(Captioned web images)
-------------------------

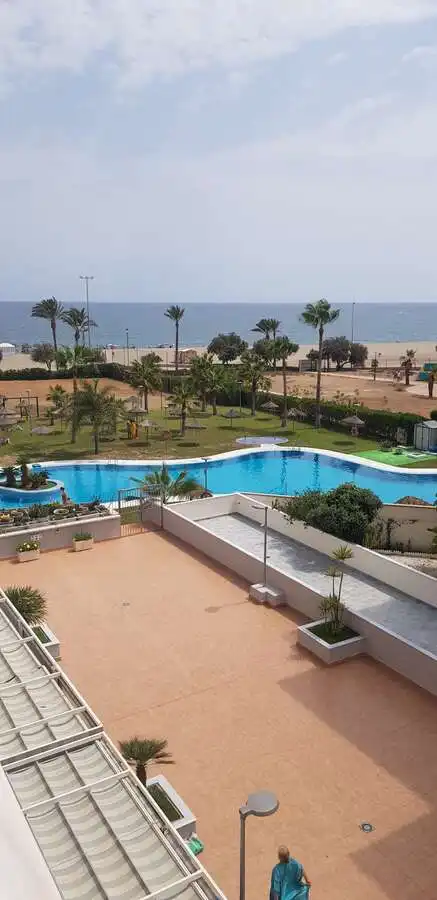 Piscina de Pis de lloguer en Roquetas de Mar amb Aire condicionat, Terrassa i Moblat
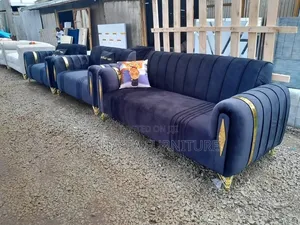 Kiti cha Navy Blue cha Watu 3 chenye Mapambo ya Dhahabu
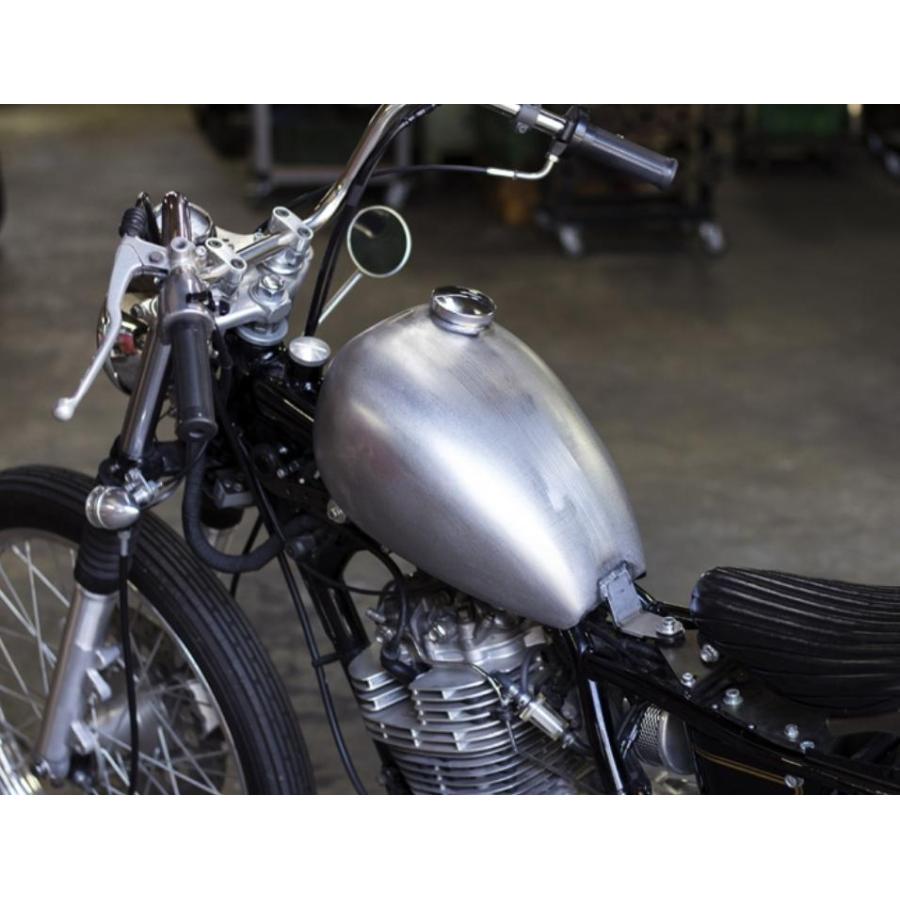 ヤマハ SR400/500 ピーナッツタンクキット ハイマウント ヤマハ SR400/500 ピーナッツタンクキット ハイマウント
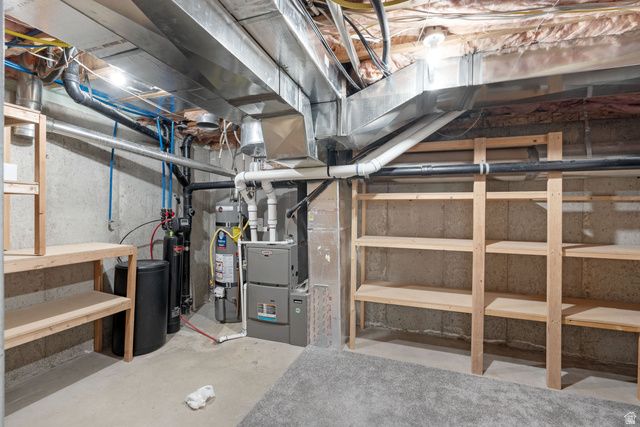 182 S MORNING MIST LN, Kaysville, UT 84037
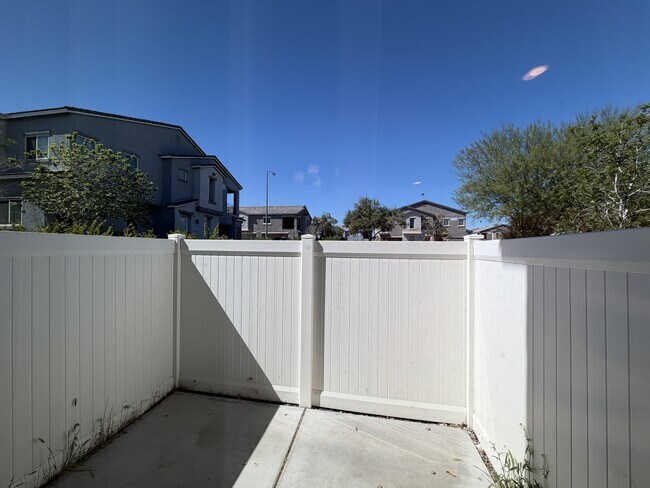 Building Photo - 4495 Vigny St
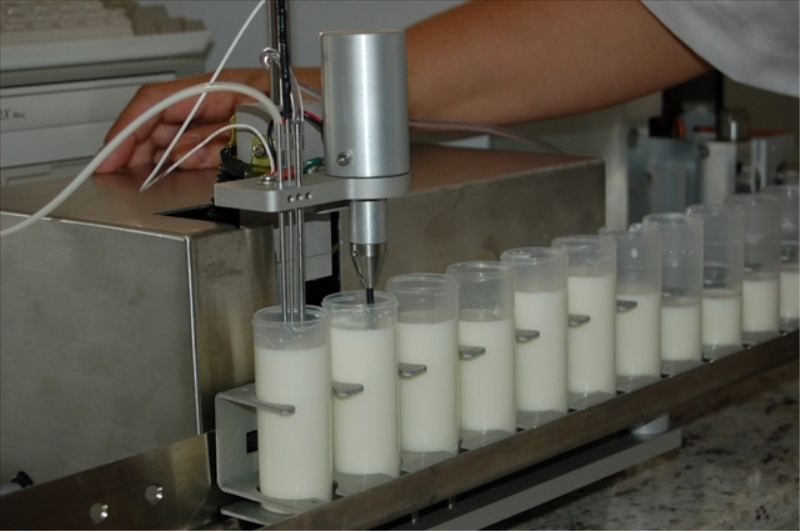 ASSINATURA PARA IMPLANTAÇÃO DO LABORATÓRIO DE ACQ DO LEITE OCORRE DIA 11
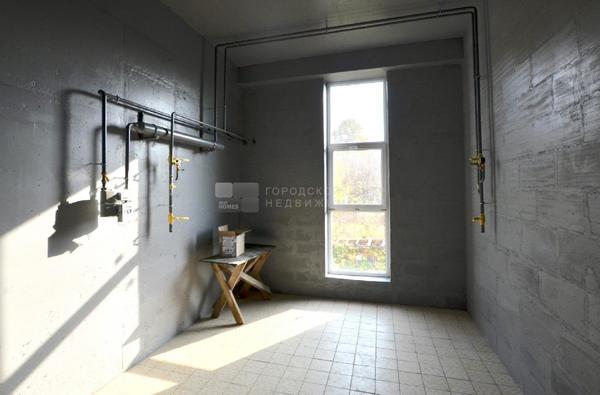 Продам коммерческое помещение 1 660 м2, 41, Спартак п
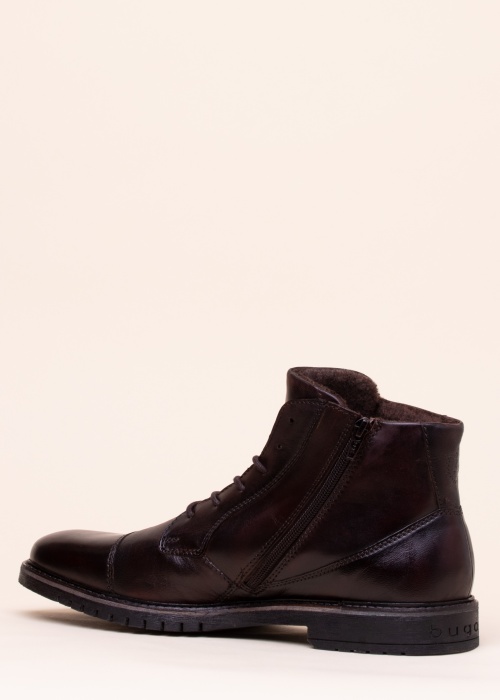 Bugatti puszābaki Caj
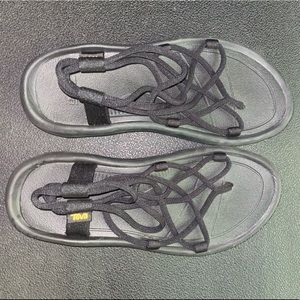 NWOT Teva black strapping sandals size 9!!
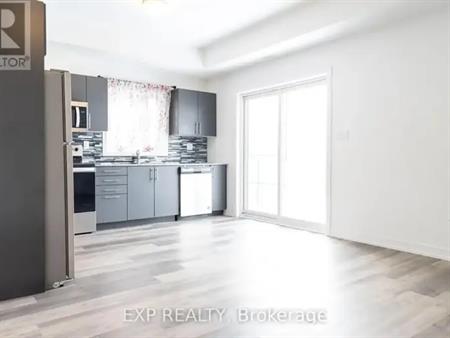 40 - 205 WEST OAK TRAIL | 40 - 205 WEST OAK TRAIL, Kitchener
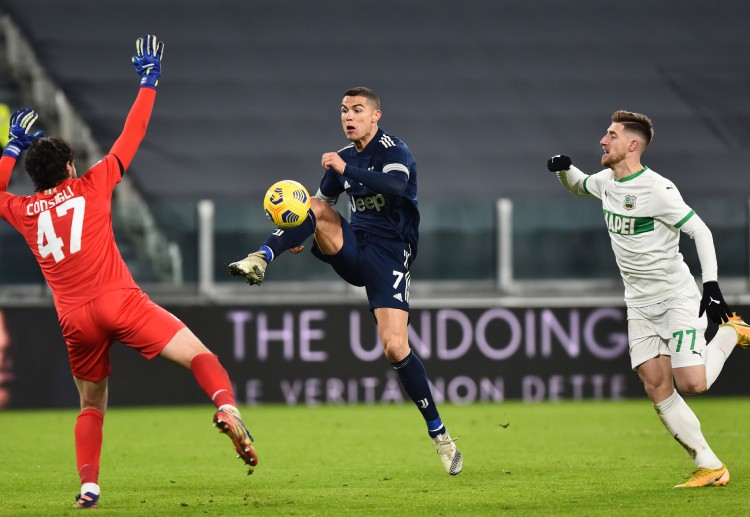 နောက်ပြီး ၂၀၀၅-၂၀၀၆ စီးရီးအေ ဘောလုံးရာသီမှာ ၁၇ ပွဲကစားပြီး ၁၅ ဂိုးသွင်းယူနိုင်ခဲ့တဲ့ ဂျူဗီတိုက်စစ်မှူးဟောင်း ဒေးဗစ် ထရက်ဇီဂတ်ရဲ့ စံချိန်ကိုလည်း လိုက်မှီခဲ့ပါတယ်။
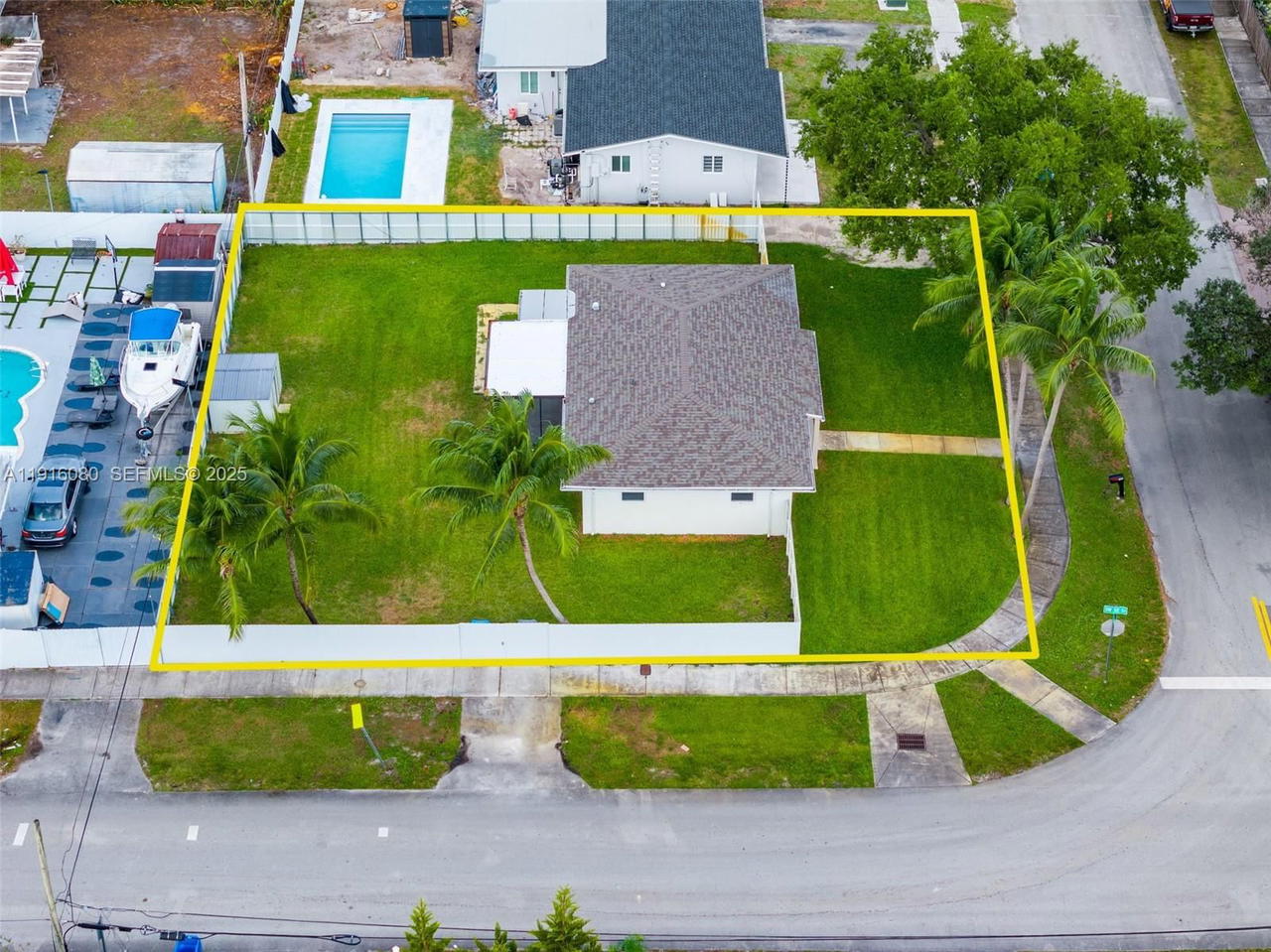 Real estate property located at 3150 39th Ave, Broward, Lake Forest Sec 4, West Park, FL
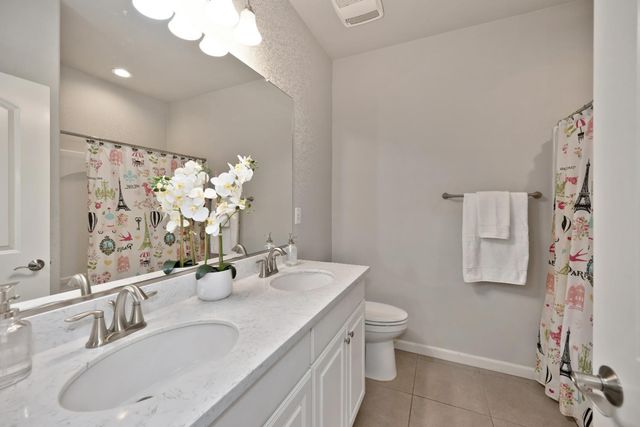 7860 Mount Evans Cir, Roseville, CA 95747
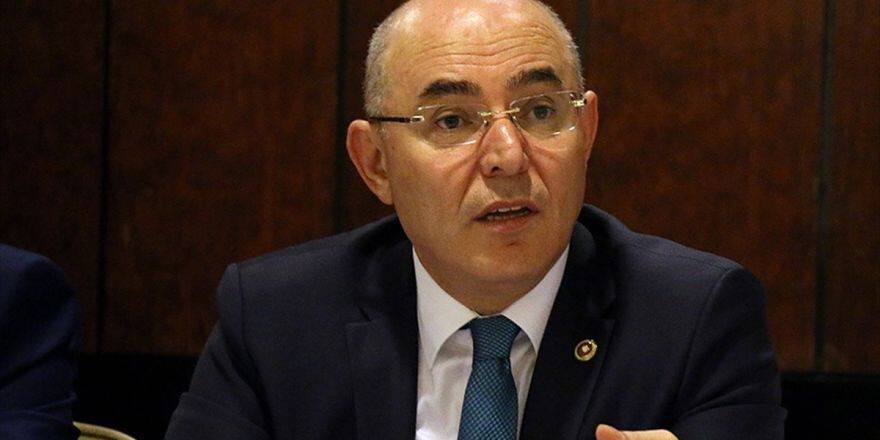 'Rejim Değişikliği Yapılıyor' Demek Bilgisizlik Değilse Çarpıtmadır'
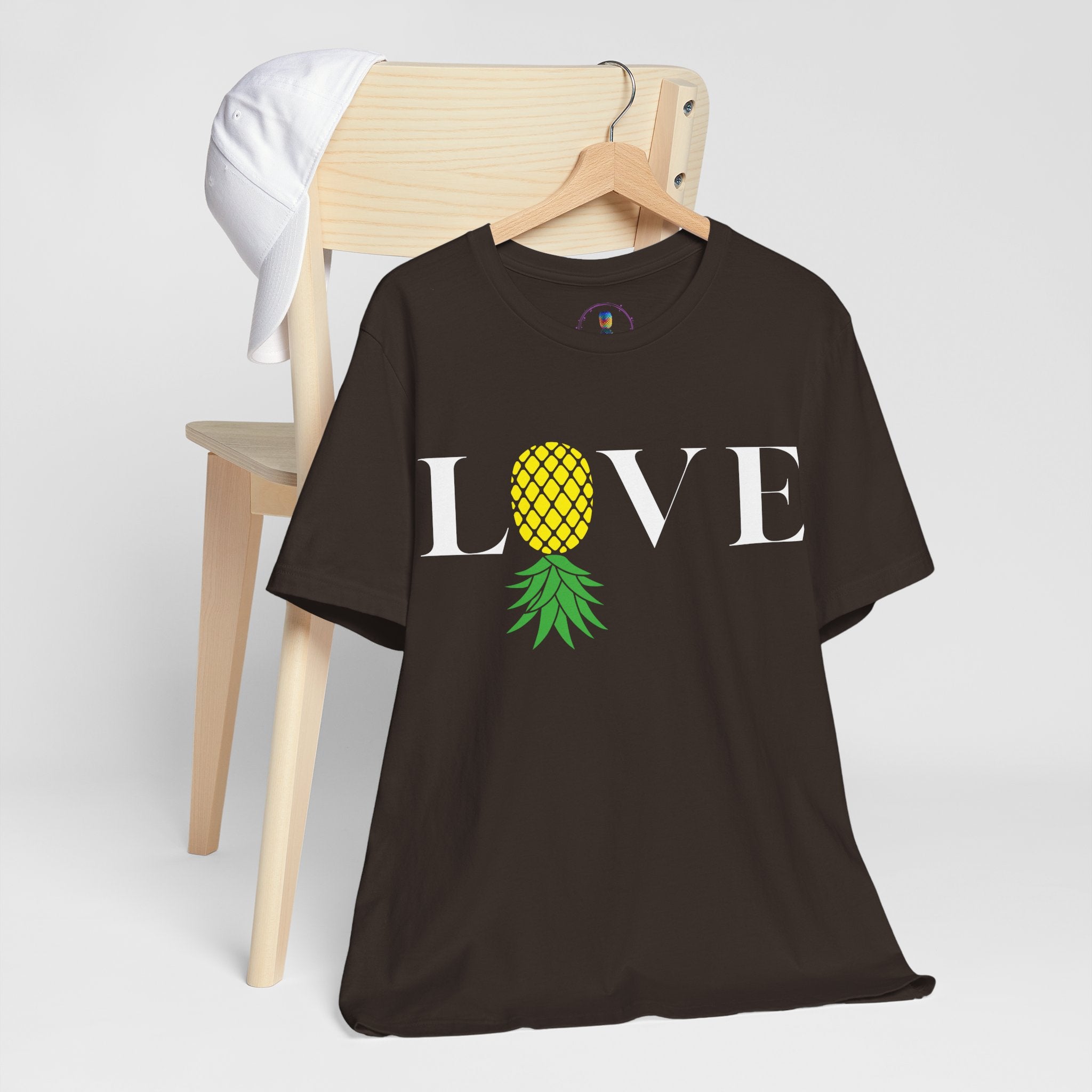 Pineapple Love Tee - Unisex Jersey Short Sleeve Shirt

-------------------------

### PROMPT
Starting at the line that contains "Bilgisizlik Değilse Çarpıtmadır'" and ending with the last line of the data, transcribe every line exactly; skip the pictures.

### TASK SOLUTION
 'Rejim Değişikliği Yapılıyor' Demek Bilgisizlik Değilse Çarpıtmadır'
 Pineapple Love Tee - Unisex Jersey Short Sleeve Shirt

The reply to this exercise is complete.